■ **INSTRUCTIONS FOR THE TASK**:
Nothing should appear in the answer except the lines from the one containing "Gold Geometric Crisscross" through the end of the records below, written out exactly.
Segment Start: RECORDS FOR THE EXERCISE
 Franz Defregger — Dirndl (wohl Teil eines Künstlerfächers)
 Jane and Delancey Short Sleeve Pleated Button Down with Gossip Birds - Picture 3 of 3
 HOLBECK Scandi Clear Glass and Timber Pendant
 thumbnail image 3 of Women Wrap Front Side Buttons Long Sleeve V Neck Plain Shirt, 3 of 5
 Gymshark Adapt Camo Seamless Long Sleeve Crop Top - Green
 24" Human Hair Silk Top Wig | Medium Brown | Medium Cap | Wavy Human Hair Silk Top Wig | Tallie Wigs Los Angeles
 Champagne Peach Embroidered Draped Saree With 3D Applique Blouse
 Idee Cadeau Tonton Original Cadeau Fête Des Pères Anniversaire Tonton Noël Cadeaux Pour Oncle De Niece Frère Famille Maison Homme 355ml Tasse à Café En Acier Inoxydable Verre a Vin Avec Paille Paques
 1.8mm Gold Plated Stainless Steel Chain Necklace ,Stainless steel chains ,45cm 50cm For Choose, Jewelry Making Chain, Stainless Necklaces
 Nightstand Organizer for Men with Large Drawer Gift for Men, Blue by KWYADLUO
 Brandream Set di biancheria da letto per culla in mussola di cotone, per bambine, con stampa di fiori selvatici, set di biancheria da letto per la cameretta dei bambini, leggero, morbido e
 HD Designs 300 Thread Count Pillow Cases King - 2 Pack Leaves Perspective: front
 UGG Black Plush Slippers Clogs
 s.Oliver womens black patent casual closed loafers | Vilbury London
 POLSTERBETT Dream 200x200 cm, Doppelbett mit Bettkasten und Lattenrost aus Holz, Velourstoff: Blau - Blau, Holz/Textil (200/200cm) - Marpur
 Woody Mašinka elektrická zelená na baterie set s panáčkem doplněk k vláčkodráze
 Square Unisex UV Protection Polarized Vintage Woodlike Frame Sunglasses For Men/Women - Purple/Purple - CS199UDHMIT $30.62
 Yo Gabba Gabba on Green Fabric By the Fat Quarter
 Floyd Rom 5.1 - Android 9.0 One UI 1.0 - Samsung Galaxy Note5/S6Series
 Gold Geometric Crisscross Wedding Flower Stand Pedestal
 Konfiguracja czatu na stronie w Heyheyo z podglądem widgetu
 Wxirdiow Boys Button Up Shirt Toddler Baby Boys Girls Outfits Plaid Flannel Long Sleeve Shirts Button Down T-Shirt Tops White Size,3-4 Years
Segment End: RECORDS FOR THE EXERCISE
■ **RESULT OF THIS TASK**:
 Gold Geometric Crisscross Wedding Flower Stand Pedestal
 Konfiguracja czatu na stronie w Heyheyo z podglądem widgetu
 Wxirdiow Boys Button Up Shirt Toddler Baby Boys Girls Outfits Plaid Flannel Long Sleeve Shirts Button Down T-Shirt Tops White Size,3-4 Years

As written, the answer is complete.